For half a century, the synchrotron has been the workhorse of high-energy particle physics, from its first use with external beams to the modern particle colliders. The basic principle is to use the electric field in a radio-frequency (RF) wave to accelerate charged particles, the frequency varying to keep in time with particles on a constant trajectory through a ring of guiding magnets.
Now a team has demonstrated a different way of accelerating the protons in tests at the proton synchrotron (PS) at KEK, the Japanese High Energy Accelerator Research Organization in Tsukuba. For the first time, a bunch of protons in the synchrotron has been accelerated by an induction method (K Takayama et al. 2004). The technique may overcome certain effects that normally limit the intensity achieved in a synchrotron beam, and could prove to be an important advance for future proton colliders.
The concept of an “induction synchrotron” was first proposed about five years ago by the author and Jun-ichi Kishiro of KEK and the Japan Atomic Energy Research Institute (Takayama and Kishiro 2000). The idea was to overcome shortcomings of the RF synchrotron, in particular the limited longitudinal phase-space available for the acceleration of charged particles – in other words the distribution in energy and position around the ring of the particles being accelerated. In a conventional synchrotron, the particles are accelerated when they pass through an RF cavity, a device that contains the oscillating radio wave. The electric field naturally concentrates the particles into bunches in the direction of motion (i.e. longitudinally).

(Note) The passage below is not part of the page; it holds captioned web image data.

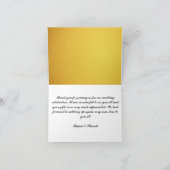 金ゴールドエレガントピンクペイズリーインディアンヒンドゥー結婚ズタ サンキューカード (内部)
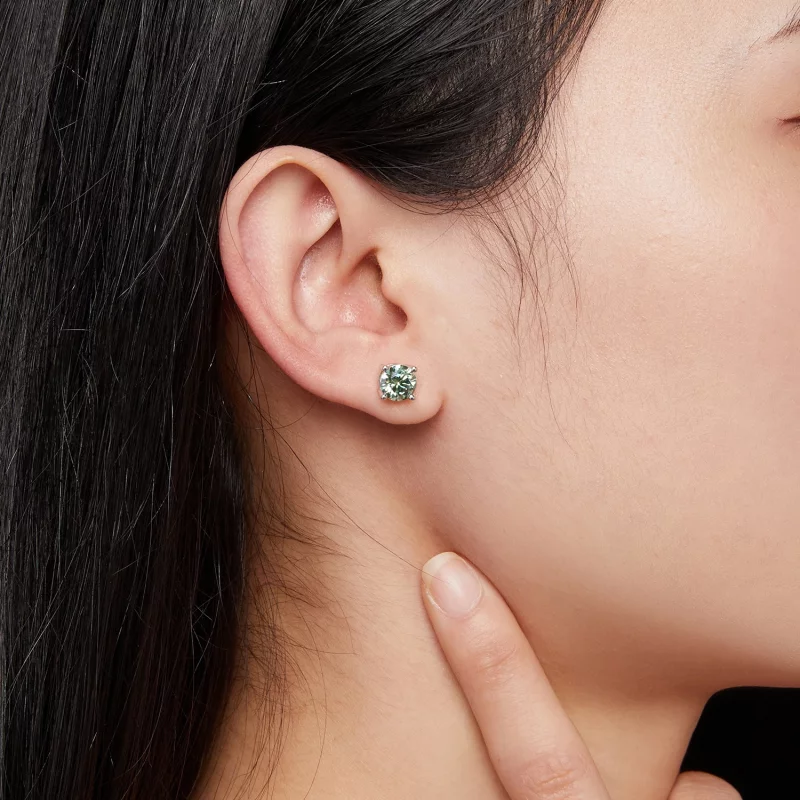 (image pour) Pandora Style Boucles d'oreilles clous en Moissanite de un carat à quatre griffe - Afficher 6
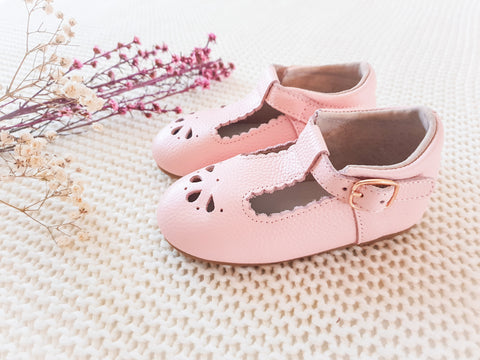 Madeline T-Bar Shoes ~ Baby Pink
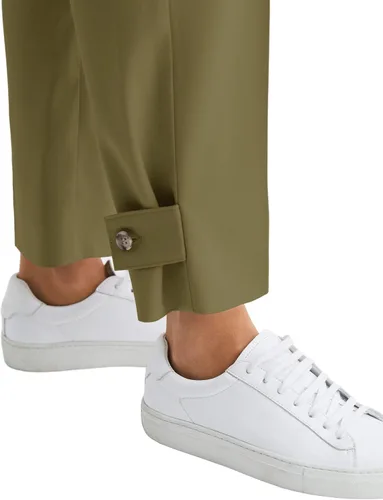 Vista 5 de Cicy Bell Pantalones de vestir de cintura alta para mujer, pierna recta, pantalones de trabajo de negocios, pantalones recortados con bolsillos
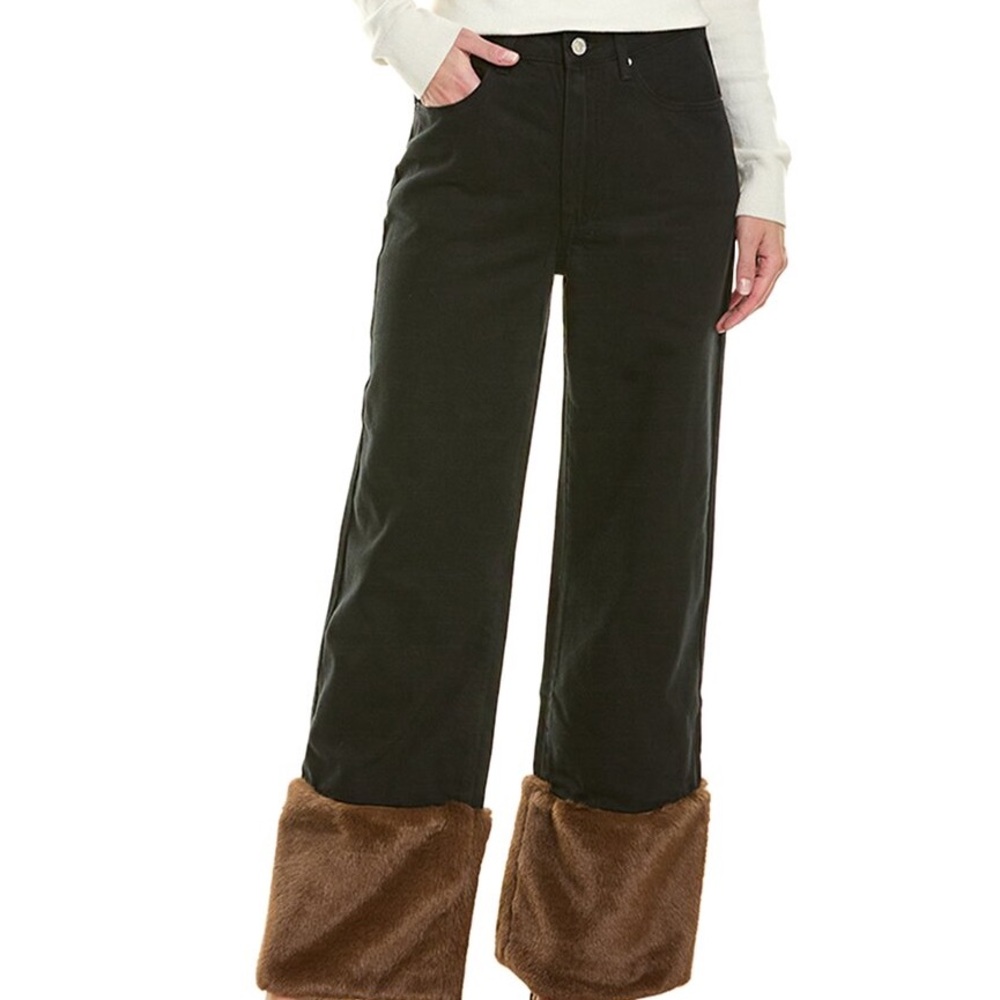 WEWOREWHAT | FAUX FUR STRAIGHT LEG JEAN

In the induction synchrotron, however, the accelerating devices are replaced with induction devices, in which a changing magnetic field produces the electric field to accelerate the particles. The basic device is a ferromagnetic ring, or core, through which the particles pass. A pulsed voltage sets up a magnetic field, and the changing magnetic flux in turn induces an electric field along the axis of the core. The induction-acceleration technique was first developed in the late 1960s and has a range of applications in linear accelerators, but the recent KEK experiment was the first time it was applied in a circular machine.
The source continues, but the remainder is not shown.